__Problem to solve__: Take the lines from the one with "Pendentif Moldavite" to the end of the listing, both ends included, and quote them exactly, leaving pictures out.

····················

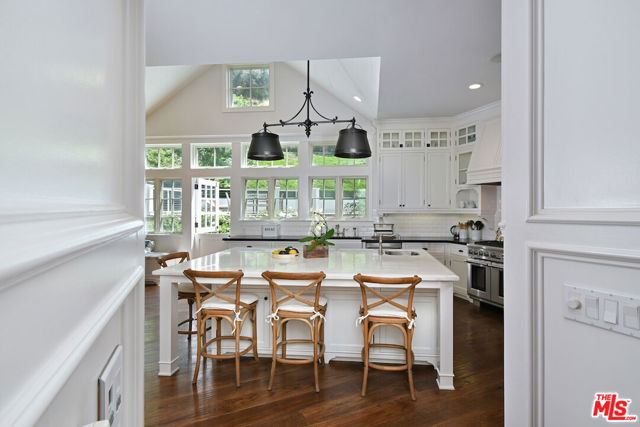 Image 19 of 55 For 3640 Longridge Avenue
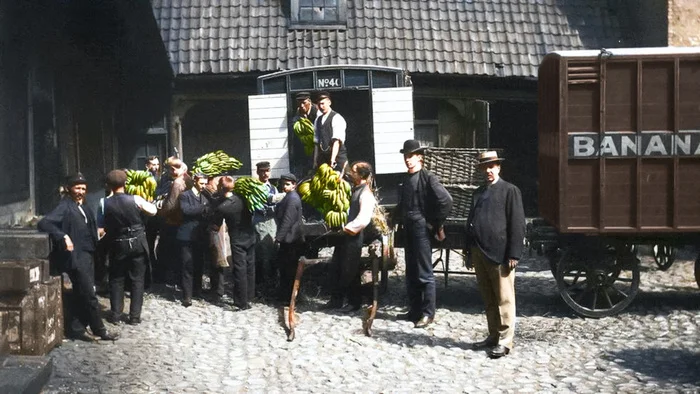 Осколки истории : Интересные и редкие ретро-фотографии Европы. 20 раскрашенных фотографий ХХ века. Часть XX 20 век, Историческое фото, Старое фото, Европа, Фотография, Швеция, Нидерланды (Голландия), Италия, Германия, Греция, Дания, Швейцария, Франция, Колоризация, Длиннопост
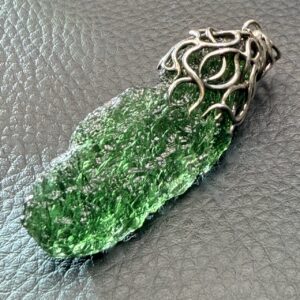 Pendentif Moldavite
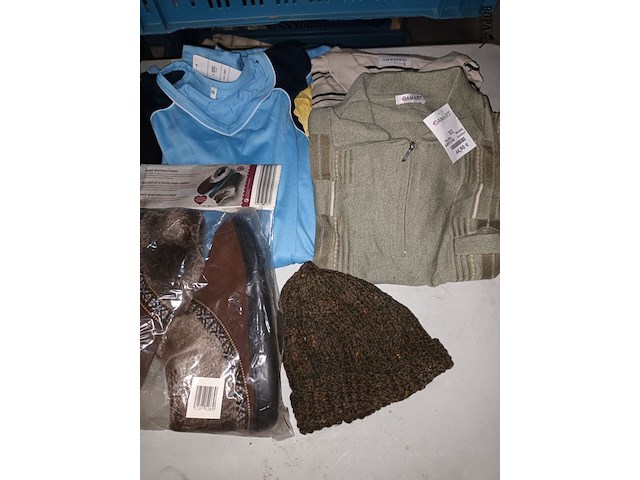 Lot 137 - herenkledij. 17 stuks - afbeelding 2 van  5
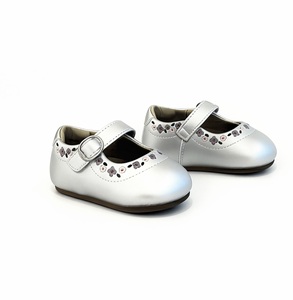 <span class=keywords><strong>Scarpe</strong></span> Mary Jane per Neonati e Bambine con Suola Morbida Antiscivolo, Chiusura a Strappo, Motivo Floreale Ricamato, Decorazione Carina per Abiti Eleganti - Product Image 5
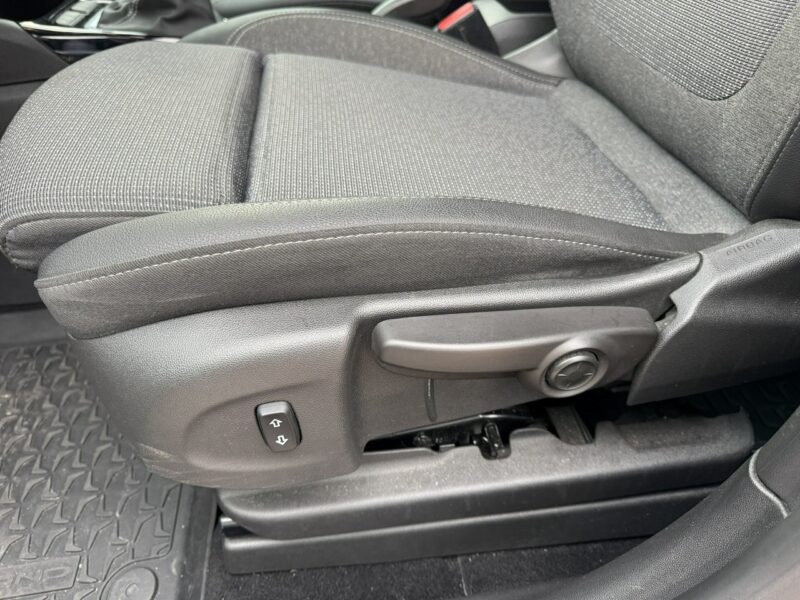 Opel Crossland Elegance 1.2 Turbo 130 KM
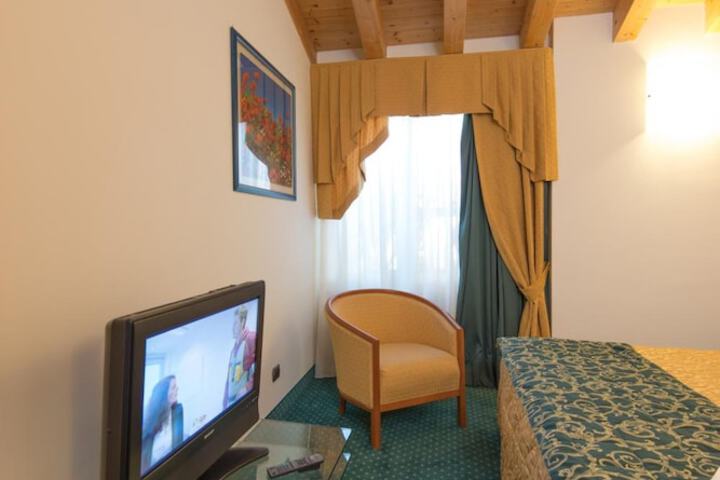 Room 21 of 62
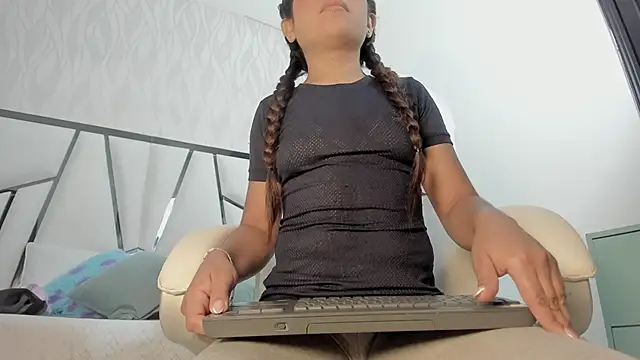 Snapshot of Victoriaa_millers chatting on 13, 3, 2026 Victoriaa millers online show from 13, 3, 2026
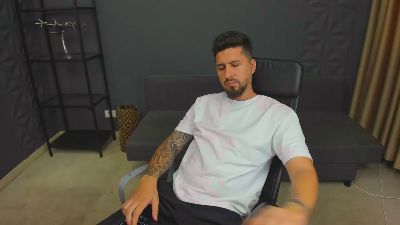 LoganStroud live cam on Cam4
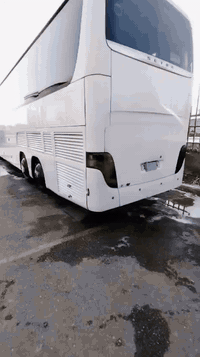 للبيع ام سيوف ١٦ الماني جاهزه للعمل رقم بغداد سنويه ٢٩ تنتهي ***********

····················

__Result below__:
 Pendentif Moldavite
 Lot 137 - herenkledij. 17 stuks - afbeelding 2 van  5
 <span class=keywords><strong>Scarpe</strong></span> Mary Jane per Neonati e Bambine con Suola Morbida Antiscivolo, Chiusura a Strappo, Motivo Floreale Ricamato, Decorazione Carina per Abiti Eleganti - Product Image 5
 Opel Crossland Elegance 1.2 Turbo 130 KM
 Room 21 of 62
 Snapshot of Victoriaa_millers chatting on 13, 3, 2026 Victoriaa millers online show from 13, 3, 2026
 LoganStroud live cam on Cam4
 للبيع ام سيوف ١٦ الماني جاهزه للعمل رقم بغداد سنويه ٢٩ تنتهي ***********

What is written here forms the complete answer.